While certain protections for database owners exist under the Canadian copyright regime, claims for copyright infringement of databases raise practical problems. If copyright infringement only occurs when a “substantial” part of a database is copied (as outlined in the Act), what if only some information is copied? Furthermore, merely using or accessing a database is unlikely to garner protection under the Act either.

Copyright in Software

While information in a database cannot be copyrighted, data-integration software, database-management systems, and data analytics software can be copyrighted as “computer programs” under the Act.

A “computer program” is considered a “literary work” for purposes of the Act, and is defined as “a set of instructions or statements, expressed, fixed, embodied or stored in any manner, that is to be used directly or indirectly in a computer in order to bring about a specific result.”[9]

Therefore, infringement would occur where a computer program is copied without authorization from the owner of the copyright.

The Act provides some exceptions for use of computer programs that would otherwise be infringement under the Act. This includes copying for purposes of a backup,[1] as well as copying a program once for the purposes of making it compatible with a computer that is solely for personal use.[2] The term “software” has also been given a broad meaning to include data files.[3]

It is important to note that the same standards of originalism apply when determining whether a computer program is subject to copyright protection. For example, in Delrina Corp. v. Triolet Systems Inc., the Ontario Court of Appeal held that computer programming that is dictated by the operating system or reflects common programming practices is not original expression and will not receive copyright protection.[4] The Federal Court has also held that as a general principle, the owner of the copyright in a computer program does not have copyright in the user’s data, unless there is an agreement stating otherwise.[5]

No Database Right in Canada

There is no database right in Canada – meaning additional protections are not afforded to the original creator of a database.

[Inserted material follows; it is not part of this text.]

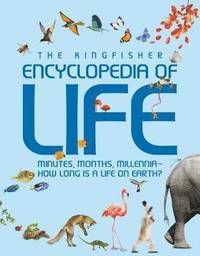 bokomslag The Kingfisher Encyclopedia of Life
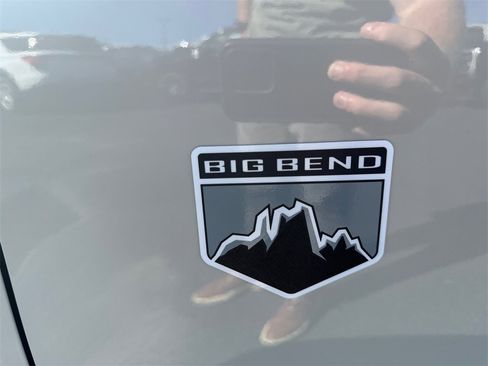 New 2025 Ford Bronco Sport Big Bend image 9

This is a marked difference from European countries that adopted the EU Database Directive.[6] The Directive provides that databases which “by reason of the selection or arrangement of their contents constitute the author’s own intellectual creation” are protected by copyright, and any temporary or permanent reproduction is prohibited.[7]

While some lobbying efforts have occurred to institute a similar policy in Canada,[8] the strongest statutory IP protections for databases continues to flow from the Copyright Act and surrounding case law.

Patentability of Software

Canada’s Patent Act[9] does not specifically mention “software” and is generally considered by the Patent Office to be an “abstract scheme” and consequently not an invention that can be patented.[10] However, if software does more than just calculations, it may be patentable.

Specifically, computer programs integrated with hardware could receive patent protection, as could programs that produce an outcome based on recovered data.[1]